When Jesus cleansed the Temple, he angrily drove out the moneychangers and overturned the tables of those exploiting the poor by selling doves for offerings. “‘My house will be called a house of prayer,’ but you are making it ‘a den of robbers’” (Matt. 21:13).

In this dramatic scene, Jesus was quoting from Isaiah and Jeremiah. The “house of prayer” is from Isaiah 56:7, and the “den of robbers” is from today’s verse. Why? Because the same sin committed in Jesus’ presence had happened in Jeremiah’s time. What should have been happening at the Temple? Worship and repentance. As God said through Jeremiah: “Change your ways and your actions and deal with each other justly” (v. 5).

You may wonder: What was actually happening at the Temple? The short answer is: sin. Judah’s sins included stealing, murder, adultery, perjury, injustice, and idolatry (vv. 6, 9). They were oppressing the poor and worshiping false gods.

The main sin highlighted in this passage is hypocrisy.

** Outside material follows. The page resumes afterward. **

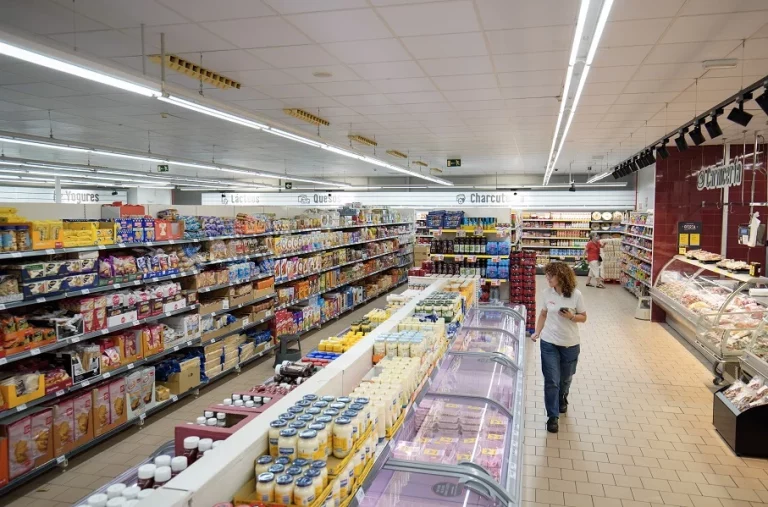Un supermercado pone en aprietos a Carrefour, Lidl y Alcampo regalando 30 euros a los clientes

They were showing one face to the world and another to God (as if He wouldn’t know!). They acted one way in the Temple and another way in the world. They had the gall to worship idols and sin wantonly, then enter the house of God and think they were “safe.” They thought that being God’s “chosen people” was a lucky charm, keeping them safe from the consequences of their sin (v. 10). After all, that’s what the false prophets had told them, and they’d put their trust in their deceptive words (vv. 4, 8). God would never destroy His own Temple, right?

We know differently. God hates sin and is righteously angry when His people take advantage of their identity and His grace (see also Rom. 6:1–2).

In light of today’s text, we encourage you to prepare your hearts for next Sunday’s worship service. This is not just because it will be Palm Sunday but because worshiping God is serious business.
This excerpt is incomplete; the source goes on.